Segment Start: Information supplied

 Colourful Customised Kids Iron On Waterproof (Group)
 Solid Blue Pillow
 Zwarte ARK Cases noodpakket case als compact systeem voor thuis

Segment End: Information supplied

## Activity:
All of the material above is to be retyped word for word.

## Response area:
 Colourful Customised Kids Iron On Waterproof (Group)
 Solid Blue Pillow
 Zwarte ARK Cases noodpakket case als compact systeem voor thuis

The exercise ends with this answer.